■ **Task instructions**: Without any images, write the data out exactly as it appears.
^^^^^^^^
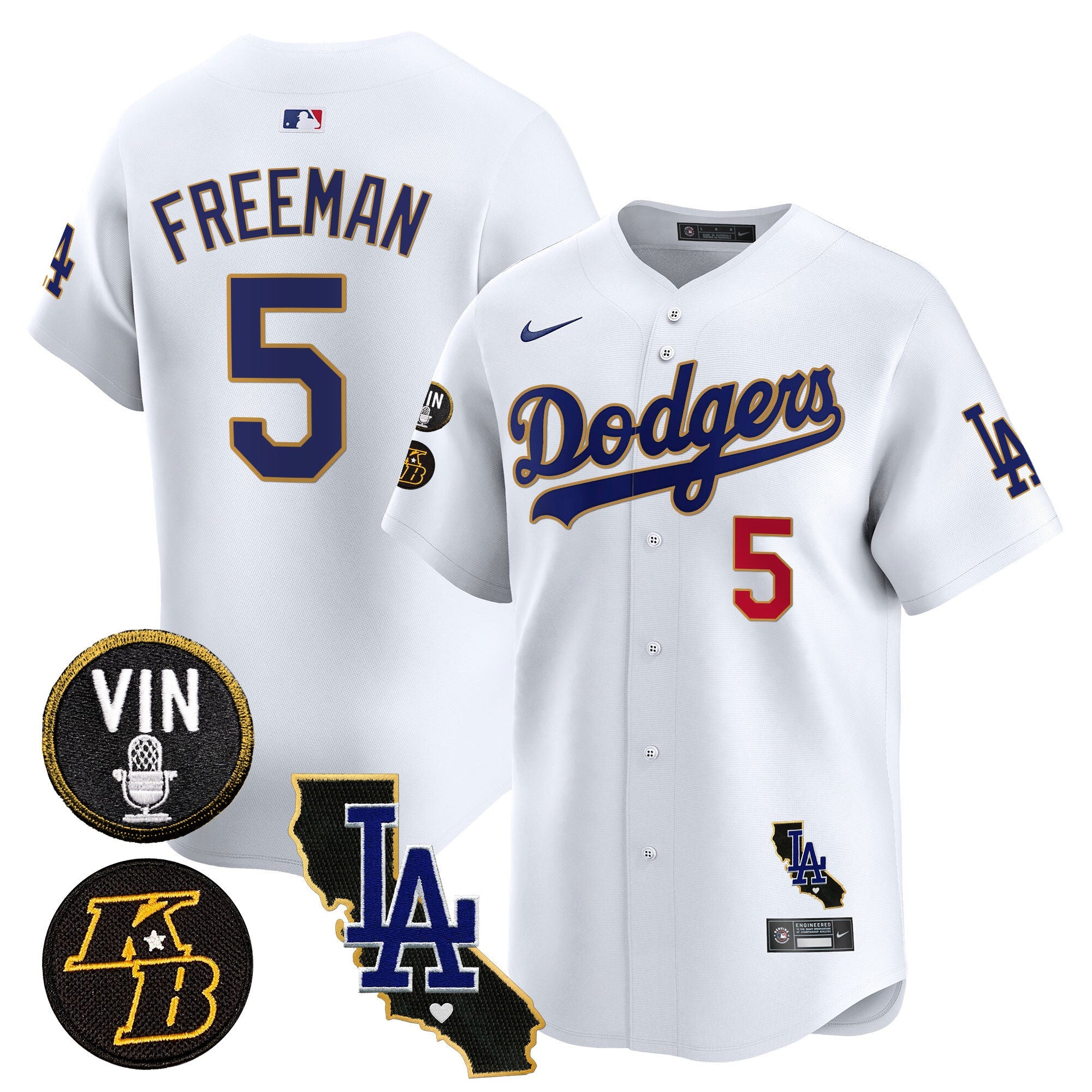 Men’s Vin & Kobe Patch Gold Trim Vapor Premier Limited Jersey V2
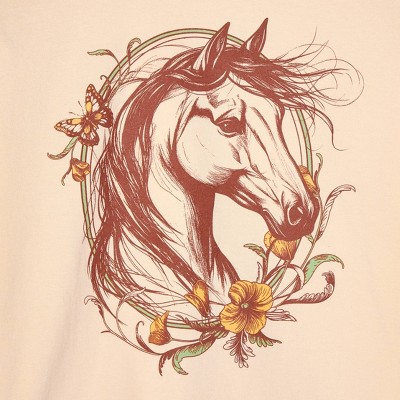 Cat & Jack Girls' Short Sleeve 100% Cotton 'Horse' Oversized Graphic T-Shirt - Cat & Jack™ Beige L — фото 3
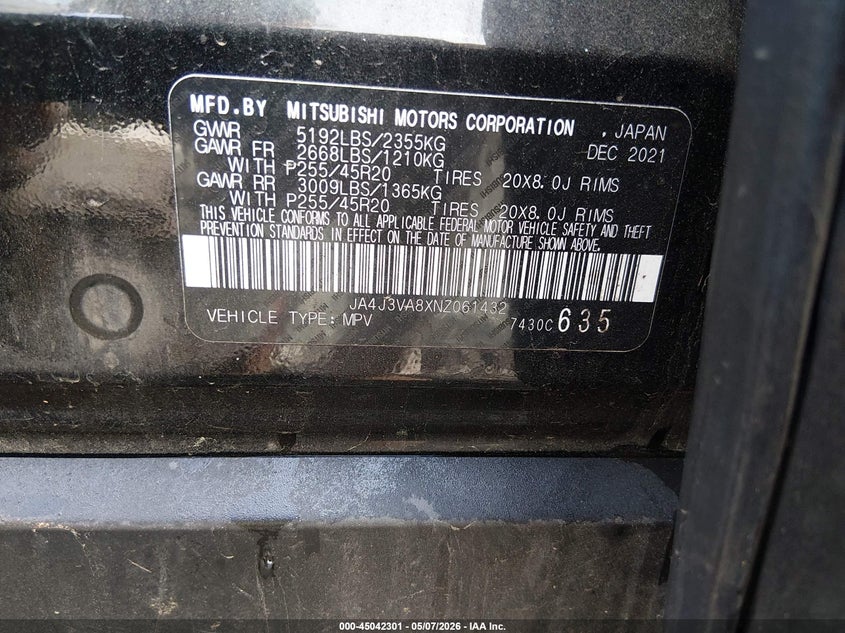 2022 Mitsubishi Outlander VIN JA4J3VA8XNZ061432 IAAI salvage auction — FRONT END, Salvage (South Carolina), sold $6,100 on 2026-07-07 (photo 9)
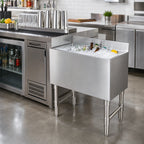 Thumbnail image #2 for Klinger's Trading IC1824 24-Inch Stainless Steel Underbar Ice Chest, 80 lb. Capacity, 4-Inch Backsplash, No Cold Plate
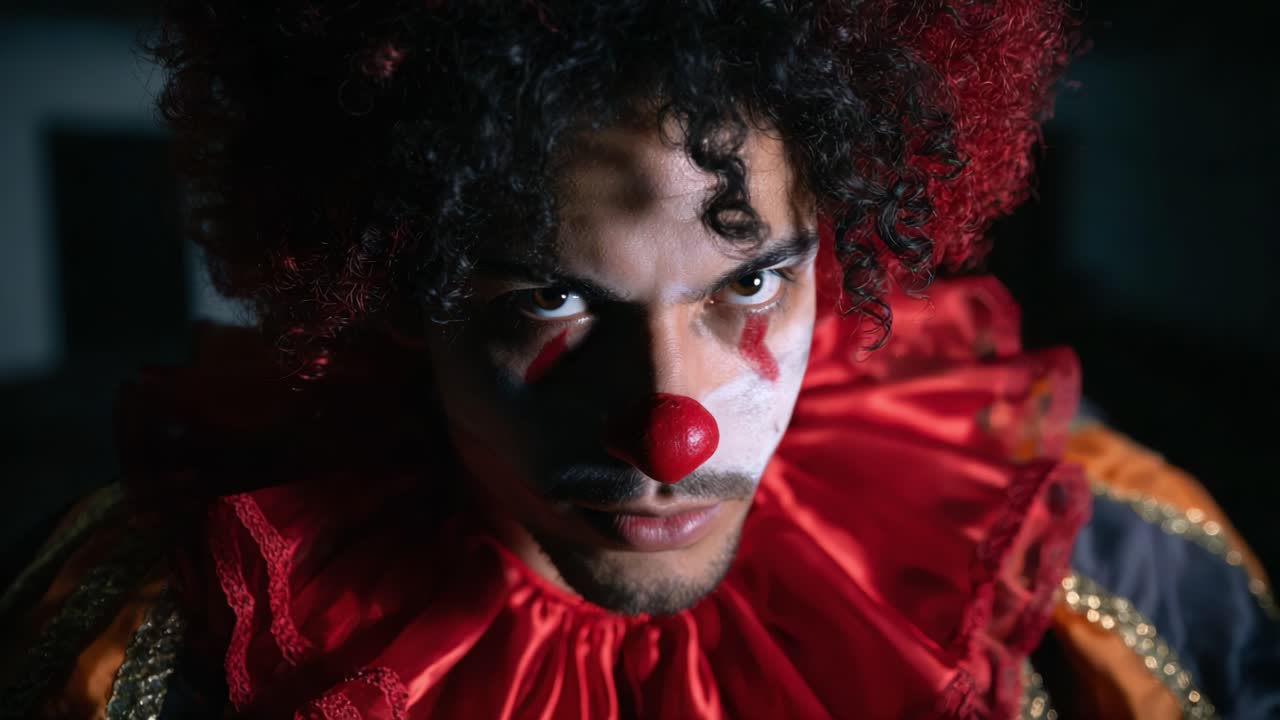 A Resilient Clown Stares Intently, Showcasing Vibrant Makeup and Costume in a Mysterious Atmosphere That Captivates the Audience's Attention and Curiosity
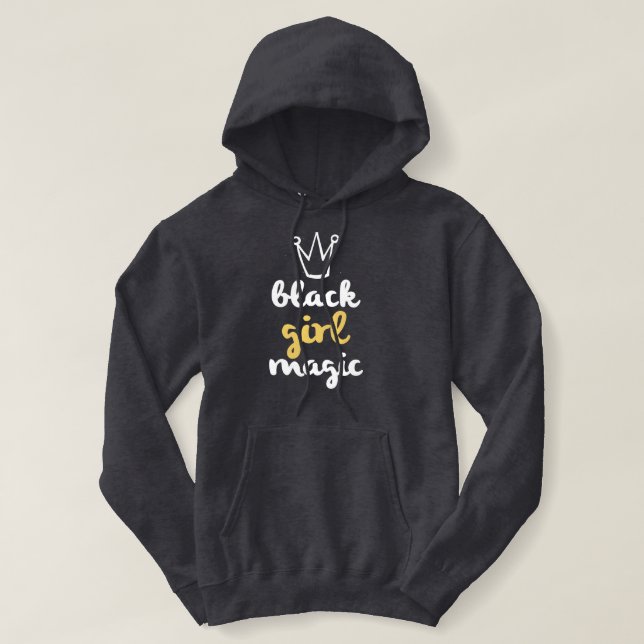 Gold Crown Black Girl Magic Cute Hoodie (Design Front)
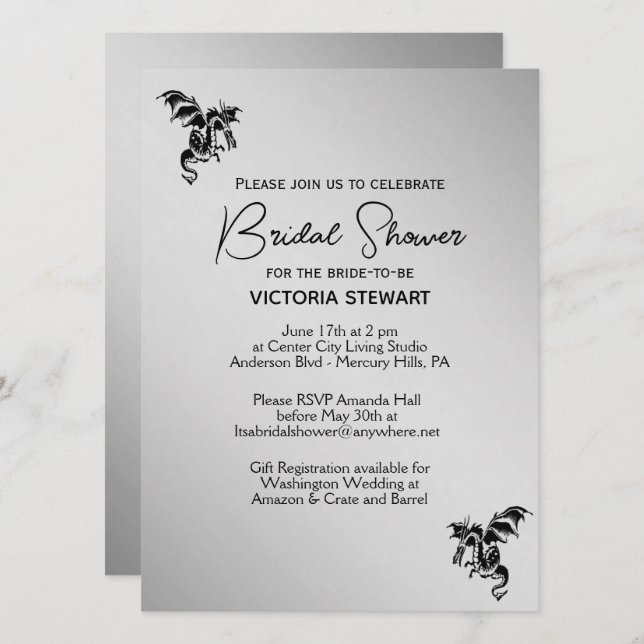Invitación a la ducha de novia con fantasía de dra (Anverso / Reverso)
^^^^^^^^
■ **Response below**:
 Men’s Vin & Kobe Patch Gold Trim Vapor Premier Limited Jersey V2
 Cat & Jack Girls' Short Sleeve 100% Cotton 'Horse' Oversized Graphic T-Shirt - Cat & Jack™ Beige L — фото 3
 2022 Mitsubishi Outlander VIN JA4J3VA8XNZ061432 IAAI salvage auction — FRONT END, Salvage (South Carolina), sold $6,100 on 2026-07-07 (photo 9)
 Thumbnail image #2 for Klinger's Trading IC1824 24-Inch Stainless Steel Underbar Ice Chest, 80 lb. Capacity, 4-Inch Backsplash, No Cold Plate
 A Resilient Clown Stares Intently, Showcasing Vibrant Makeup and Costume in a Mysterious Atmosphere That Captivates the Audience's Attention and Curiosity
 Gold Crown Black Girl Magic Cute Hoodie (Design Front)
Invitación a la ducha de novia con fantasía de dra (Anverso / Reverso)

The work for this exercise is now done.